Each year during its update process (read this post for more on that), the Commission examines Medicare’s payments to hospitals for inpatient and outpatient care. As part of this analysis, MedPAC compares Medicare’s payments to hospitals’ costs to determine a Medicare “margin.” For several years, these margins have been negative, indicating that on average, Medicare’s payments are less than hospitals’ costs.
Some would argue that negative margins are an indication that Medicare needs to increase its payments to cover hospital costs. A different way to think about the issue is to ask whether hospitals’ costs have to be as high as they are and whether hospitals have the ability to control costs. Said differently, we wondered, “Are hospital costs immutable?”
For the last several years, the Commission has published analyses (here, here, and here) establishing that when hospitals are reimbursed higher commercial rates, they have higher costs per patient. Commercial rates are linked to a hospital’s market power. When a hospital or hospital system has significant market power, it can demand higher payment rates from commercial insurers. In addition to the Commission’s work, this finding has been shown here and here. In recent years, many hospitals have increased their market power through consolidation (acquiring or merging with other hospitals in their market and acquiring other providers, such as physician practices).
What explains the link between high commercial rates and high costs? When a hospital receives higher payments from commercial payers, the financial pressure on the hospital is lower. It therefore has less incentive to keep its costs low. As the hospital’s costs rise along with its commercial payments, Medicare’s payments look worse by comparison. On the flip side, MedPAC has also shown that providers under financial pressure, who receive lower commercial reimbursements, are able to restrain their costs.
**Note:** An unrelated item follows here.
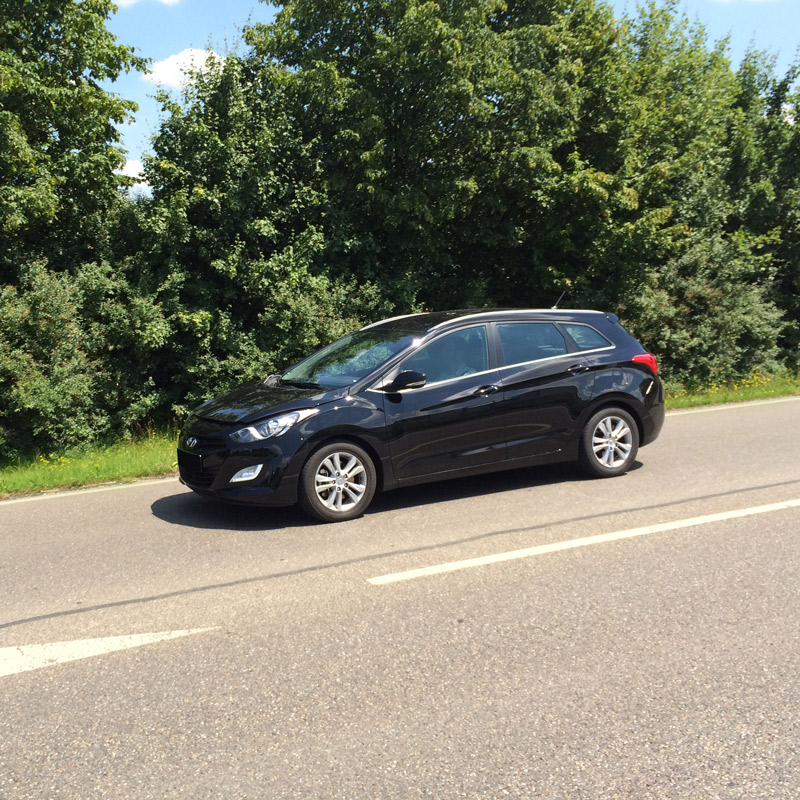 El Hyundai i30 (GD) 1.6 CRDi con chip de potencia profesional de CPA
A new analysis presented at our November meeting takes a different look at hospital costs. Instead of looking at the relationship between hospital costs and payment rates, we look at the relationship between hospital costs and occupancy rates. The prevailing view is that the majority of hospital costs are fixed in the short run. Following from this, if hospitals engage in efforts to control utilization – like in the context of an Accountable Care Organization looking to reduce unnecessary hospital admissions – they will have fewer patients to help cover their fixed costs, and costs per patient will rise as a result.
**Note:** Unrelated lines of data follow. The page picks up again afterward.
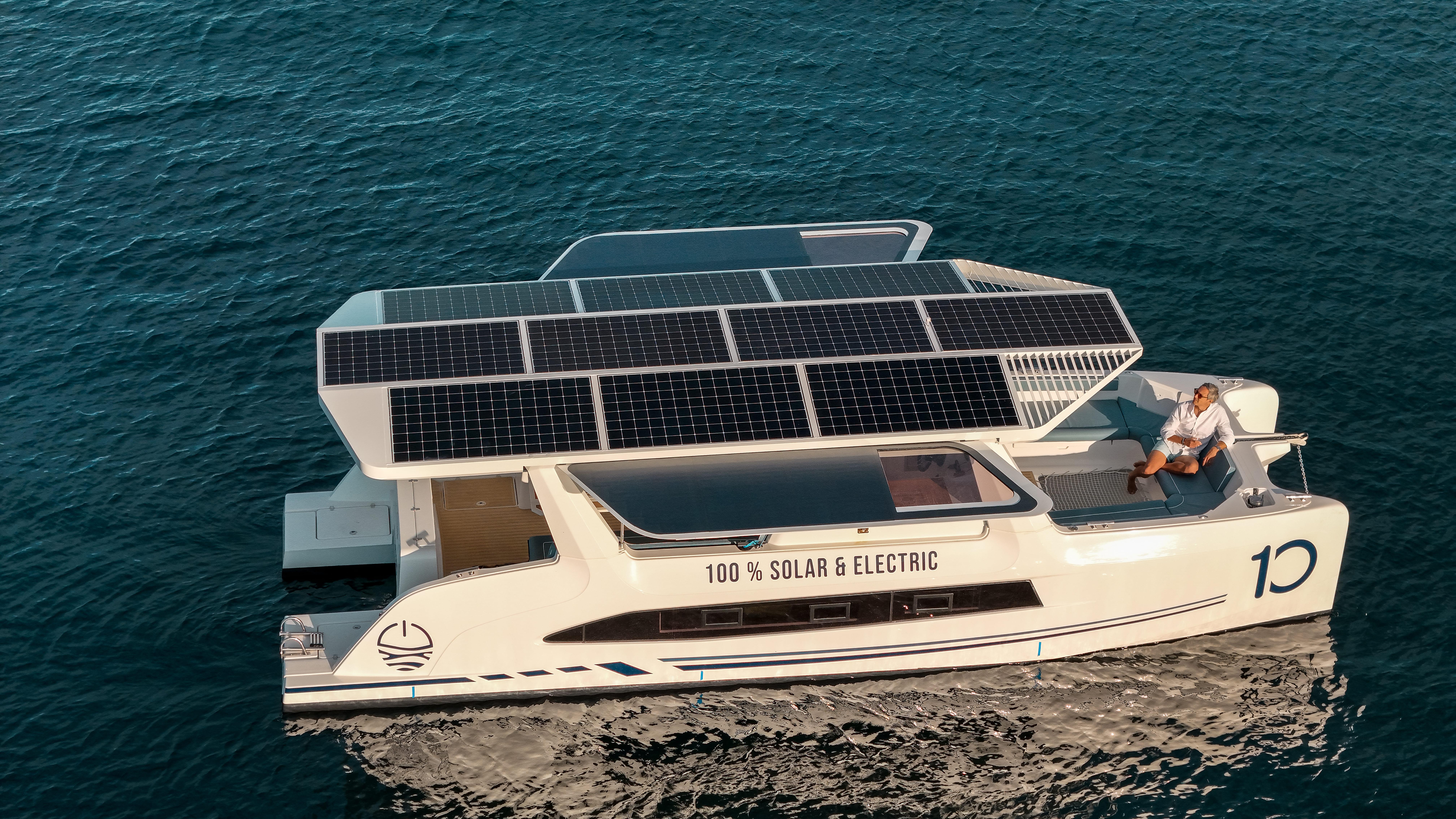 Full-Day Catamaran Cruise Through Marseille's Calanques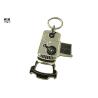 Buy cheap Small Key Chain Camera Bottle Opener , Decorative Beer Can Opener Keychain from wholesalers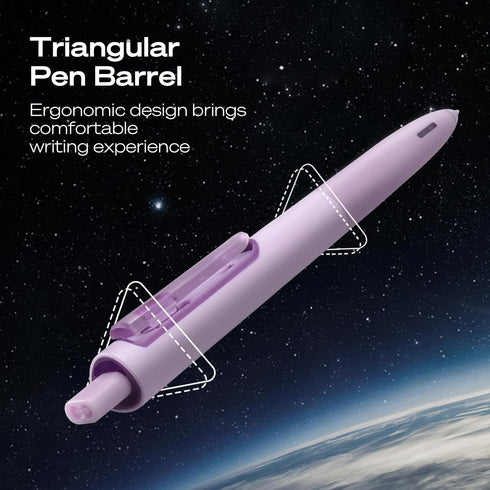 WRITECH Up Mechanical Pencil Set: 6ct Pastel Mechanical Pencils 0.7mm with 4 Tubes of HB Lead Refills and 2 Extra Erasers for Writing Drawing Sket...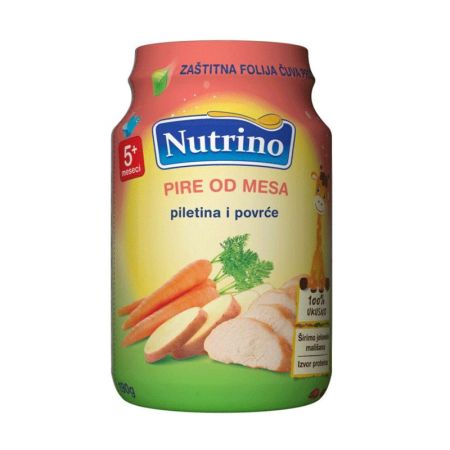 Nutrino pire od mesa-piletina i povrće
If the majority of costs were fixed, we would expect to find that hospitals with low occupancy rates and declines in admissions have relatively higher costs per patient. We do find that when admissions fall and occupancy rates decline, hospital costs per patient are higher, but the effect is relatively small, suggesting that the majority of costs are not fixed in the short run. In fact, we estimate that only between 10 and 30 percent of hospital costs are fixed in the short run. More detail on our analysis is here.
MedPAC will consider these findings and others as it makes recommendations around hospital payments for the March report, and going forward in other Reports to Congress.